Read More: http://online.wsj.com/article/SB1000..._WSJ_US_News_5

Quote:
MILWAUKEE—Josh Fraundorf remembers when yellow perch were so plentiful in Lake Michigan that people pulled out all they could eat with just a bamboo pole and some worms. Now, they have to come to places like this old factory south of downtown. With the lake's population of wild perch decimated, Mr. Fraundorf is helping the fish make an unlikely comeback, raising about 80,000 yellow perch and tilapia in tanks inside a cavernous former crane factory that sat empty for decades.

That's not all the factory produces. Stacked over the 10 four-foot deep tanks are hydroponic planting beds lit by lamps. The fish waste produces ammonia that microorganisms convert into food for lettuce and other plants, cleaning the water for the fish. "It's like an indoor wetlands," said Mr. Fraundorf, 35 years old, who co-founded Sweet Water Organics Inc. with James Godsil, his partner in a separate roofing and construction business. Yellow perch have dark stripes and grow up to 12 inches in the wild. In Milwaukee, the firm, sweet fish is usually served battered and fried with German potato salad, rye bread and beer.
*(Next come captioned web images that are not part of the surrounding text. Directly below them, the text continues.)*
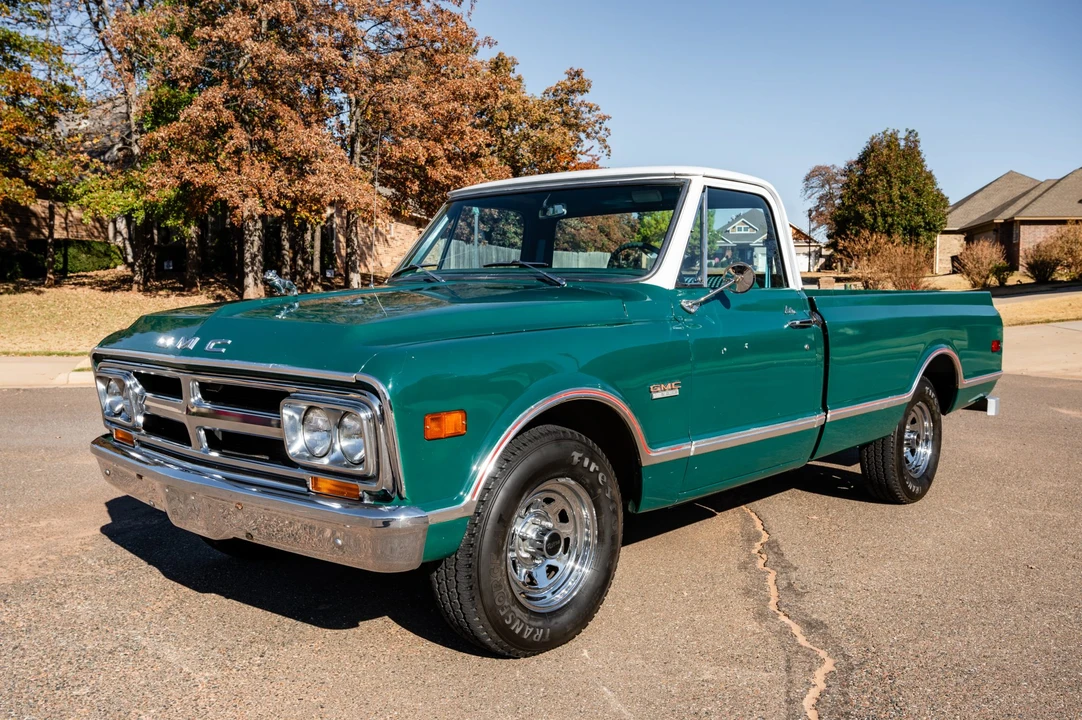 1968 GMC C/K 2nd Gen - Image 2 of 31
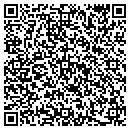 QR code with A's Custom Tow contacts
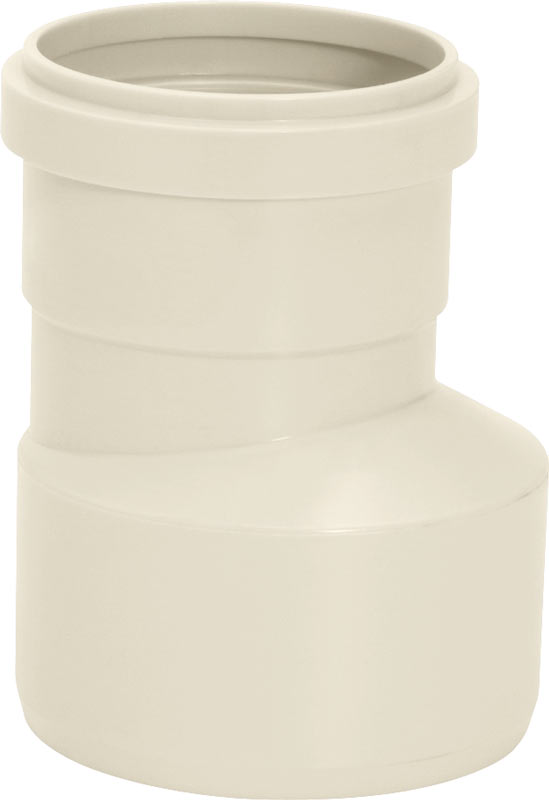 REDUCAO ESGOTO EXCENTR 100X75MM SR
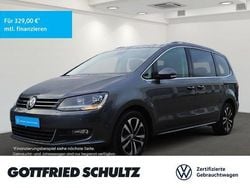 Grau Gebraucht 2021 VW Sharan United Van / Kleinbus | 28.750 € (Fairer Preis)
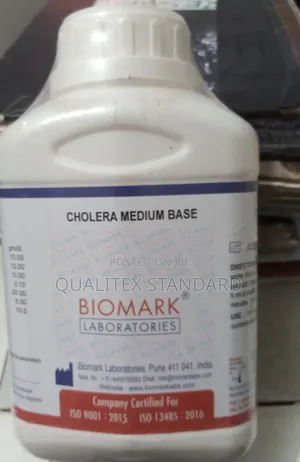 Cholera Medium Base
Perch once dominated Friday fish fries, a Midwest tradition especially prominent in this heavily Catholic city. But the perch population in Lake Michigan collapsed in the mid-1990s, partly because of the proliferation of zebra mussels. The voracious mussels, which hitchhiked to the lake in the hulls of ocean-going ships, choked off the food supply for baby perch. In 1996, Wisconsin joined other Lake Michigan states in halting commercial fishing for perch. Commercial fishermen caught 7.9 million pounds of perch in the other Great Lakes in 2005, compared with 18.1 million pounds in 1980, according to the Great Lakes Fishery Commission. While efforts to help the perch in the lakes continue, entrepreneurs are trying to revive the fish on shore, in part because it can command a hefty $16 a pound.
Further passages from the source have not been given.